It was Professor Richard Ek. I had taken one of my major's core classes from Dr. Ek in the spring of my freshman year. The survey course, "History of Communications," was taught in the largest classroom I had ever sat in -- Holt 170, if there are any Chico State readers out there. My regular spot was in the lowest third of the auditorium, right next to an aisle and a guy named Vince.

Vince and I used to keep track of Dr. Ek's diversions from the topic at hand, which were legendary, and often fascinating. We once counted five major "rabbit trails" during a single lecture. His really good stories were so engrossing that, when Dr. Ek reached the story's end and paused, we would collectively realize how far afield he had led us from our topic, and all of us would laugh.

"But I digress," he would say, and often.

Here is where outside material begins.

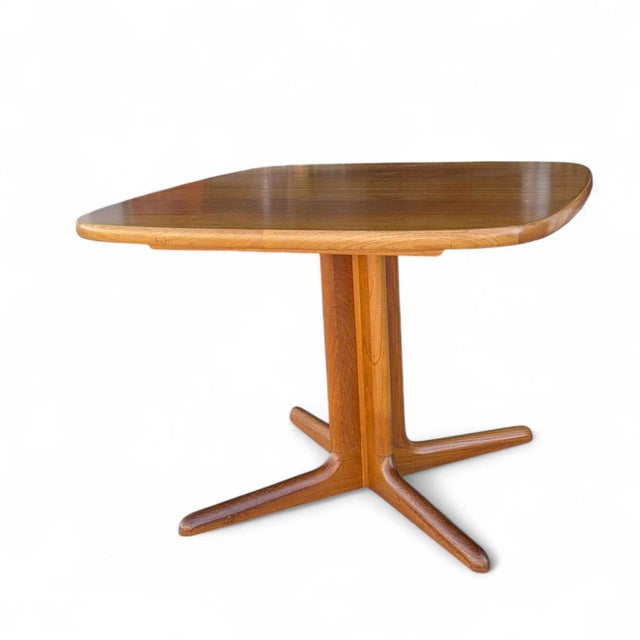 Refinished Scandinavian Modern Teak Square Dining Table, Mid-Century For Sale - Image 11 of 18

One spring afternoon as I sat waiting for class to begin I heard a commotion in the back of the room. I didn't look up immediately, but heard the commotion roll like a wave toward the front of the room. I looked up just as Dr. Ek passed me in the aisle, his extremely tall and gangly frame bedecked in lemon yellow polyester slacks -- you know the kind with the "crease" down the front actually sewn in? -- and a hand-knitted sweater in a brilliant fuschia. (Go check your box of 64 crayons for that color reference; I'll wait.) It took a while for the room to quiet down, but he waited out our laughter. This was his spring outfit, he explained. He wore it once every spring semester to welcome -- or hurry along -- the warm weather. Then we got down to business, with a digression or two, of course.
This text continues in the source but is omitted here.